While the previously unknown elements motivating the plot are fully explained, it’s in a manner that prompts more questions, a device the writing team of Rodolphe and Leo have successfully perpetuated from the opening book. As we begin, several people now aware of much of what’s going on are stranded on the shores of Lake Victoria in an alliance of necessity. They know where the strange creatures manifesting in Kenya are coming from and why there’s little trace of this. They also know that UFOs are collecting the creatures. The full story as revealed here is both intriguing and puzzling, with Rodolphe and Leo deliberately toying with a biblical analogue, while also echoing the ecological agenda of Leo’s solo science fiction work.

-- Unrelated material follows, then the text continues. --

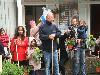 05-05-2015 opzoomeren  in de twickelerf hebben een aantal bewoners plantjes en planten bakjes bezems en vegers en blikken gekocht en zijn met zijn allen de straat schoon vegen en planten bakken ophangen en de kinderen kregen iets te snoepen in  beverwaard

The opening is also noteworthy, pitting the terror of the African bush, a lion, against a creature from a much earlier era. It’s set up nicely with the females from the pride stalking a buffalo. The sequence showcases Leo as well. He’s excellent at most aspects of graphic storytelling, with only a sense of movement letting him down. This is exemplified on the cover, when the creatures on the rock are supposed to be surrounded by splashing water, but instead it resembles ice. No matter when the rest is so good, especially his expressive characters.

An interesting and unpredictable ending may not be to all tastes, but it’s in keeping with the oddness of the entire series. Overall Kenya has been an engaging dabble in the murky world of post-war power politics, and the social fears of 1947, the setting presumably to avoid modern day technology providing quicker answers, if not solutions. Much is timeless anyway, as out in the bush it’s still small planes and smaller four wheel drive vehicles providing the most effective forms of transport. Rodolphe’s effect on Leo is admirable, as without him Leo’s own science fiction graphic novels receive much criticism for perpetually keeping the pot boiling without providing any answers. However, the original French editions were published over seven years, so we can be thankful for Cinebook’s relatively rapid English language translations.

Season two begins in Namibia Episode 1, and there’s every reason to be optimistic about what it’ll provide.